In the wake of recent downgrades by two credit rating agencies of the state’s General Obligation (GO) paper, the bond package (SB 503), which was supported unanimously in the House and 34-2 in the Senate, took a necessary new path. I have always believed that bonding is an investment for the future of our state, and while we did cut nearly $1 billion in borrowing—we still managed to provide a mechanism for advancing proven projects in a timely, cost effective manner. Our bonding subcommittee conducted three full days of meetings with departmental commissioners—legislative members were present, prepared, attentive and alert…as were members of our professional support staff.

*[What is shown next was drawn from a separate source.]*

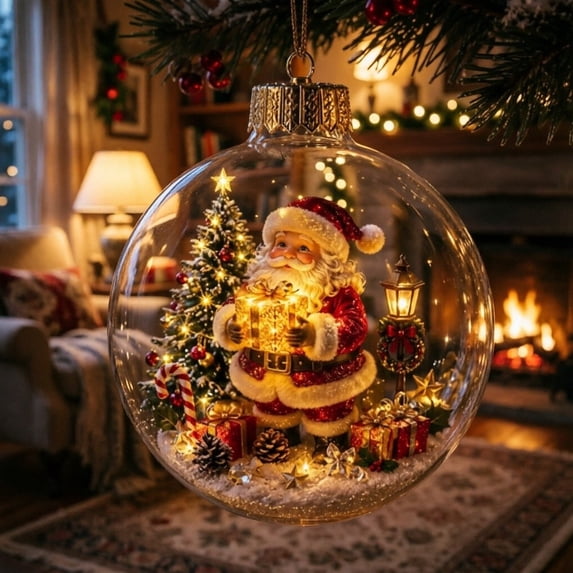 Glowing Christmas Story Ornament, Light Up Mini Holiday Scene with Warm LED Light,Mini Holiday Scene with Warm LED Light in a Glass Ball for Retail Window Displays and Home Decor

In these dire economic times—it is always darkest before pitch black—the subcommittee was steadfastly optimistic and remained fiscally responsible. The line items included in the bond bill are authorizations which can be thought of as enabling legislation. Authorizations include school construction, municipal aid in the form of Town Aid Road, STEAP and Urban Act grants, housing, environmental initiatives, economic development programs, and pools of money to help subsidize the work of nonprofit organizations. However, to become monies spent, the items must be allocated or approved by the State Bond Commission. This legislation is a real time road map that defines what could be accomplished with bond funds…both the possible and probable.
Although there is still much work to be done, this plan gets Connecticut going in the right fiscal direction while meeting the goals of the bonding subcommittee: accountability, transparency and prioritization. This was a truly bipartisan effort that created a thoughtful and needs-driven document.